The Capital Rule has already given the greenlight to a deferral period.
"The final capital framework should incorporate an appropriate phase-in period, beyond the effective date of any final rule, given the projections in the Proposal that the Enterprises would need to substantially increase our capital and provide acceptable returns in the form of distributions to investors." (p. 65)
"As currently proposed, FHFA has provided TWO OPTIONS for compliance with the Proposal’s capital requirements. First, the compliance date could occur automatically as the later of one year from publication of the final rule or the date of an Enterprise’s exit from conservatorship. At that point, full compliance with the minimum and buffer requirements would be expected. Alternatively, the Proposal would grant FHFA the discretion to create a “deferral period” for compliance with the capital requirements.... While this approach would effectively waive the capital requirements during the deferral period, an Enterprise still would be subject to restrictions on dividend distributions and executive compensation if the Enterprise has only achieved actual capital amounts within the buffer at the time of the deferral order" (p. 66)

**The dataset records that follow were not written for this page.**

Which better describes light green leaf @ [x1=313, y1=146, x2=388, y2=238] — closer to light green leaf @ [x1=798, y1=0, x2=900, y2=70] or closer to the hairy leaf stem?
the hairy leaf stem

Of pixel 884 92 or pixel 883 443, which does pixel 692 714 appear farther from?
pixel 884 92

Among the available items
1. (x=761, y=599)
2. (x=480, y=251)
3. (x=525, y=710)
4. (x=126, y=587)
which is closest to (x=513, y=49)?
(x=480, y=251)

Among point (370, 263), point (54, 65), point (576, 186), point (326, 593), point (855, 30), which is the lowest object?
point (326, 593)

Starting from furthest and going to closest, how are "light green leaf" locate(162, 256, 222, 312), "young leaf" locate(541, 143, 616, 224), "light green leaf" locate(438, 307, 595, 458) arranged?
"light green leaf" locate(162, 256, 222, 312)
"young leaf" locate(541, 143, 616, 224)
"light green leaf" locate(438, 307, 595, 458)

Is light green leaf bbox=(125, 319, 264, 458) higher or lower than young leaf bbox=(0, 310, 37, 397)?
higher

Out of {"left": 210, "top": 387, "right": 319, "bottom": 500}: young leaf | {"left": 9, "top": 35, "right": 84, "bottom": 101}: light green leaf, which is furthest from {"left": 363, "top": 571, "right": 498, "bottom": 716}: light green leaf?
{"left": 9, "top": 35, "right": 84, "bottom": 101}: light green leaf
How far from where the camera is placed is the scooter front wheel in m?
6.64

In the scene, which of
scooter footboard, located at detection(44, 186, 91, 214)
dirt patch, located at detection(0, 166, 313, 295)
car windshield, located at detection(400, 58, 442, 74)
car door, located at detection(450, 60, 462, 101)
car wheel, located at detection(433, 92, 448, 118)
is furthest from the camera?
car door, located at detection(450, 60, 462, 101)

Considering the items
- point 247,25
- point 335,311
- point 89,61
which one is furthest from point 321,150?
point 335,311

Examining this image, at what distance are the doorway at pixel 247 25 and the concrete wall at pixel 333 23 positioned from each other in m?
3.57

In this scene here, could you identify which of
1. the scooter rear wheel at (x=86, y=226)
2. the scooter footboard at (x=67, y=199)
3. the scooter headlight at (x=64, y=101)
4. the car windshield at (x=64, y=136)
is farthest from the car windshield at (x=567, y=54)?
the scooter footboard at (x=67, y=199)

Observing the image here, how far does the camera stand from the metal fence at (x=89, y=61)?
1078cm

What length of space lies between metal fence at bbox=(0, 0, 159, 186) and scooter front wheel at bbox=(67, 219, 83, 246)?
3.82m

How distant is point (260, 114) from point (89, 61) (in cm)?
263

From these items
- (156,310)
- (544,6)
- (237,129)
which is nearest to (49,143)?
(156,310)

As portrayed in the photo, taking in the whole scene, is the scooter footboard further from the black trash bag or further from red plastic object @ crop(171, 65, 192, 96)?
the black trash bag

"Graduated phase-ins have been a significant feature of all material rulemakings by the banking agencies in relation to capital and the Basel framework. The U.S. banking agencies implemented transition periods for each of the capital requirements in their final rule implementing the Basel Committee’s Basel III reforms in 2013 over a period of five years.... [The] Basel Committee introduced a five-year transition period to phase in requirements of Basel IV beginning in 2022. Our recommended five-year phase-in period is similar to phase-in periods for complex capital requirements and would provide the Enterprises a suitable amount of time to reach full capitalization from private sources of capital without having to navigate either compliance failures or buffer restrictions."

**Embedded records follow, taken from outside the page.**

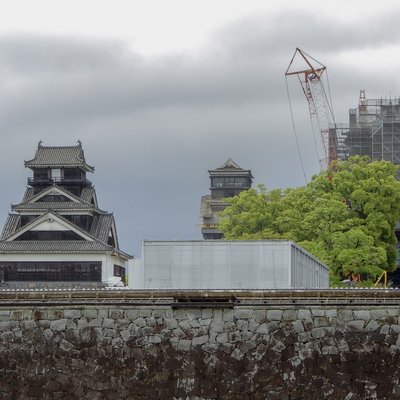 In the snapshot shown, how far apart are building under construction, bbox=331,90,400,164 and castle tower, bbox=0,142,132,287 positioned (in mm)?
23152

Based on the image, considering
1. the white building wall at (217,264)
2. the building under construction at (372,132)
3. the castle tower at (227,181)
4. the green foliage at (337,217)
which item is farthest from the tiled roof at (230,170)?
the white building wall at (217,264)

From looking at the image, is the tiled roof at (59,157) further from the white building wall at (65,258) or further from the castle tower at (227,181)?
the castle tower at (227,181)

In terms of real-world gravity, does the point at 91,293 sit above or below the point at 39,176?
below

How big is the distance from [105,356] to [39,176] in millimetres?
75771

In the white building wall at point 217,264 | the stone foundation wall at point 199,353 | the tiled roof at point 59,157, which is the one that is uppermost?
the tiled roof at point 59,157

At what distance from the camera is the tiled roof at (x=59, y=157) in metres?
102

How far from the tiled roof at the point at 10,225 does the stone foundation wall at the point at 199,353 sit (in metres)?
70.3

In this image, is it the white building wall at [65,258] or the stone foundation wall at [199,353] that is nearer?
the stone foundation wall at [199,353]

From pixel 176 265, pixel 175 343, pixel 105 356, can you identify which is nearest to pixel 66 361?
pixel 105 356

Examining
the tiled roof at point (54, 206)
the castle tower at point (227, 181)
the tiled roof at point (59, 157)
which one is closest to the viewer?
the tiled roof at point (54, 206)

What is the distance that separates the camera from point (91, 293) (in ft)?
97.6

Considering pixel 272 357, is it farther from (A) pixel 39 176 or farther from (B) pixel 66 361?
(A) pixel 39 176

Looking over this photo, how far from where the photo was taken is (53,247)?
95.6m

The financial advisors may make more with a higher SPO, but then they are not doing their job is they are only focused on maximizing their own profitablity. I suspect that these BOD's would see through such a thinly veiled profit grab. These are huge SPO's, so these guys are going to make a killing regardless.

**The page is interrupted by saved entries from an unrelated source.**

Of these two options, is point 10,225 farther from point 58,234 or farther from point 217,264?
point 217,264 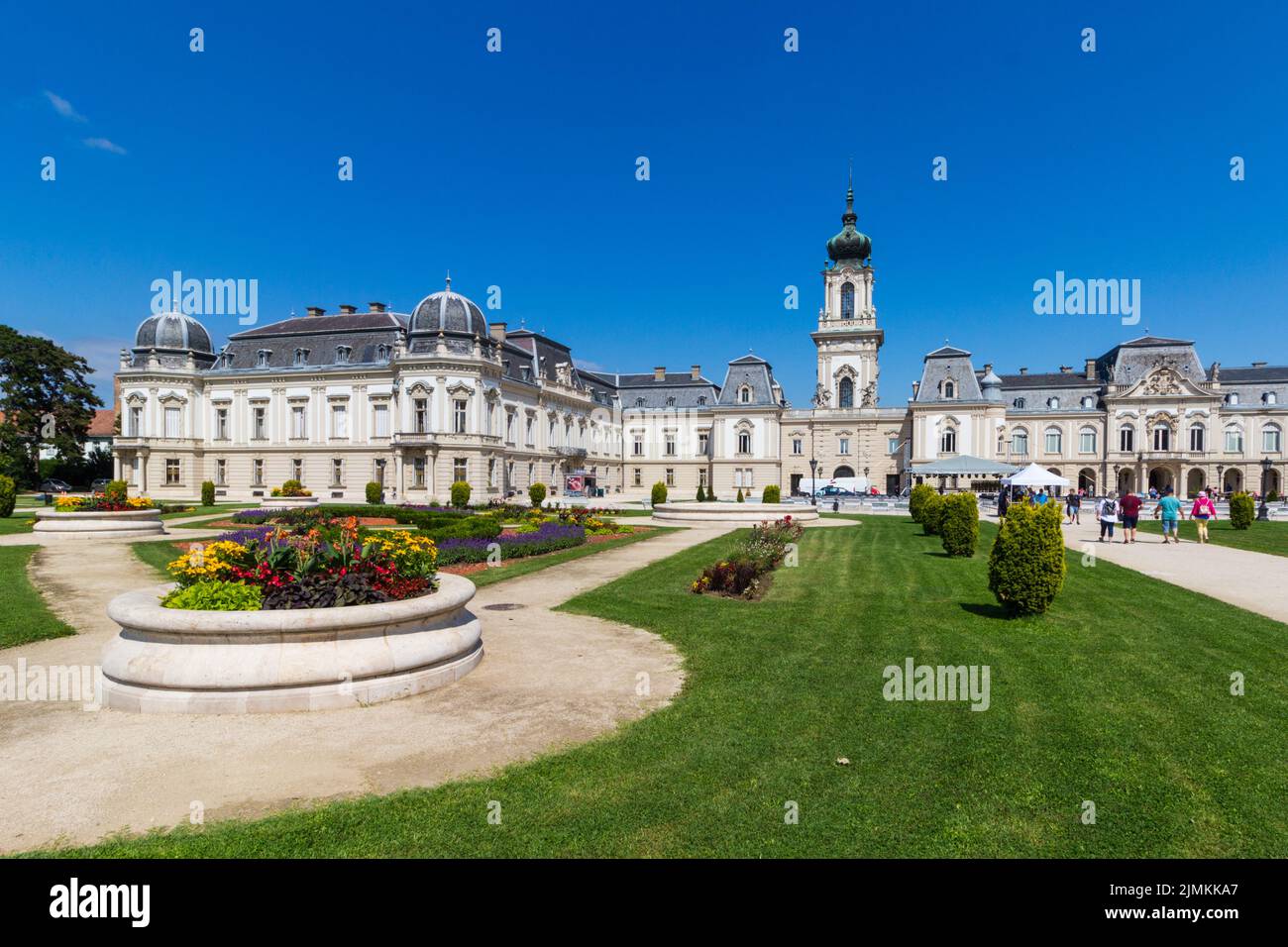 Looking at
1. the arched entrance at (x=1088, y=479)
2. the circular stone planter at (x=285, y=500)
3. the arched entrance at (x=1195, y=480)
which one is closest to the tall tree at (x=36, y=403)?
the circular stone planter at (x=285, y=500)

From MC's testimony today (9/15), it certainly seems that he is sticking to his 4% capital rule. That probably means four years of retained earnings plus another 100B in a series of SPO's over that same period. Somewhere along the way, they will convert Pfds, but there is no rush.
Don't be worried about low volume moves:
Volume Weighted Moving Average (20): 2.1996
Well said TRCPA.
Even the word "urgent" is a relative word. Calabria has repeatedly said: "It is ultimately up to the GSE's how they raise capital." So, while he may use the word urgent, he will still granting latitude to the GSE's in how they schedule that out. His main point is that he wants it done by the time his term is over in 2024.
It is because of their oversight responsibilities that Calabria is not going to do anything before this Congressional Session closes up shop on October 2nd. He doesn't want to be dragged back for another hearing before the election. He would rather all these congress members to be out of town and back in their districts, distracted by the election, while he unfolds his Recap plan.